Though the records contain pictures, copy none of them; repeat exactly the lines from the one with "6813 Hadley Dr - Photo 5 of 26" to the end.
· · · · · · ·
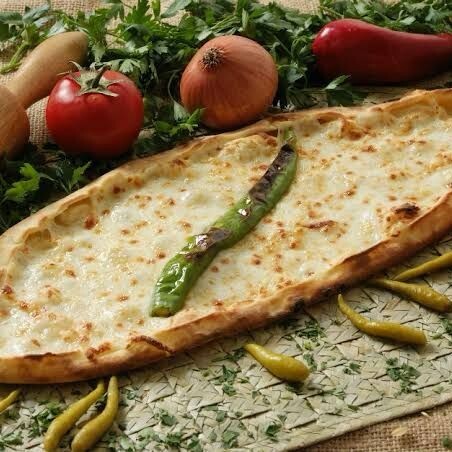Kaşarlı Pide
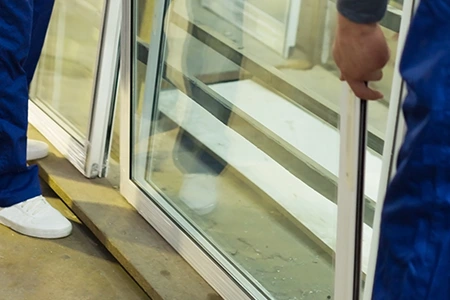 Commercial Glass Repair Technician in North Miami Beach, FL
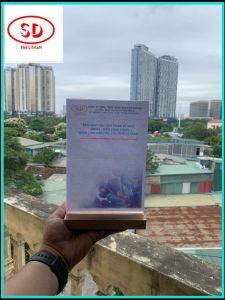 Menu mica  A5  Đài Loan đế gỗ cắm tự nhiên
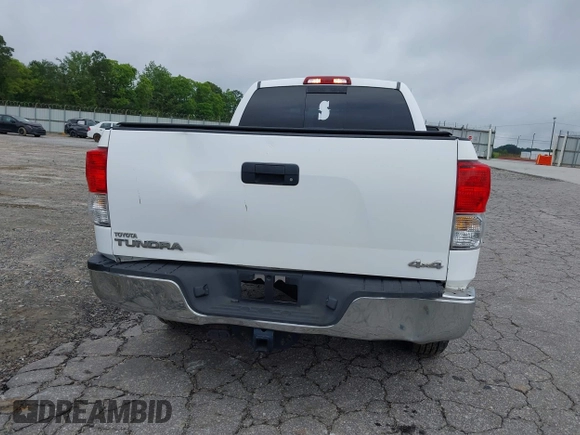 2010 Toyota Tundra z VIN 5TFUM5F14AX009280, wystawiony jako IAAI lot #42541661 z przebiegiem 280 107 mil mil oraz . Historia ofert i sprzedaży dostępna na DreamBid. Obrazek 6.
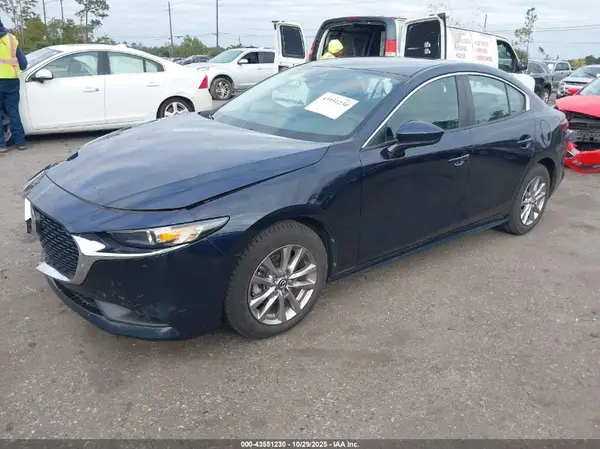 3MZBPABL2LM131611 2020 MAZDA 3 - Image 2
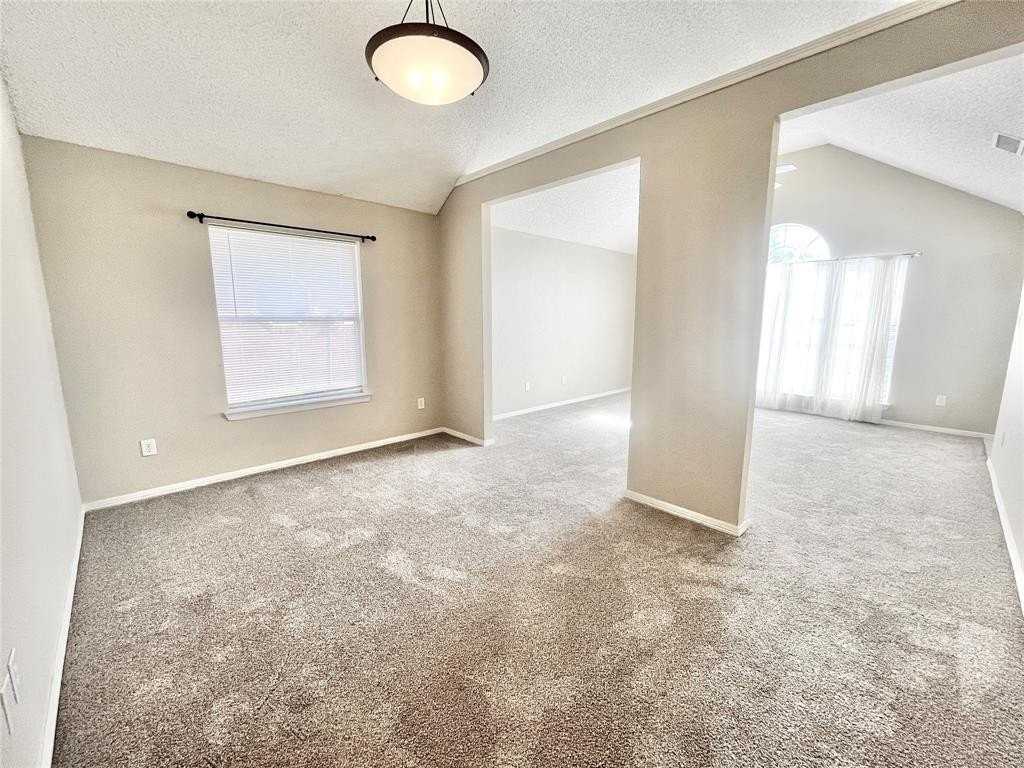 6813 Hadley Dr - Photo 5 of 26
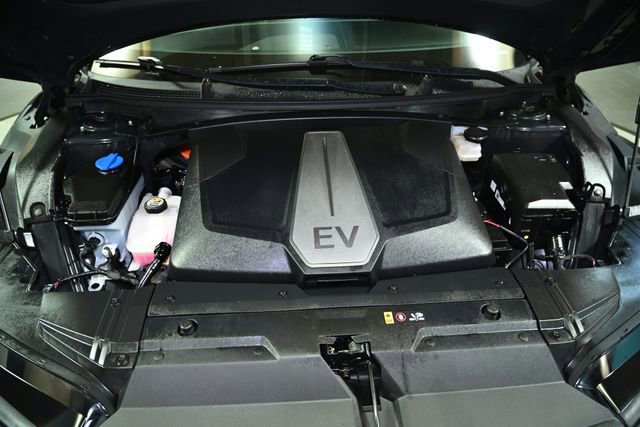 Used 2024 Kia EV6 Wind w/ Wind Technology Package image 16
· · · · · · ·
_The answer_
 6813 Hadley Dr - Photo 5 of 26
 Used 2024 Kia EV6 Wind w/ Wind Technology Package image 16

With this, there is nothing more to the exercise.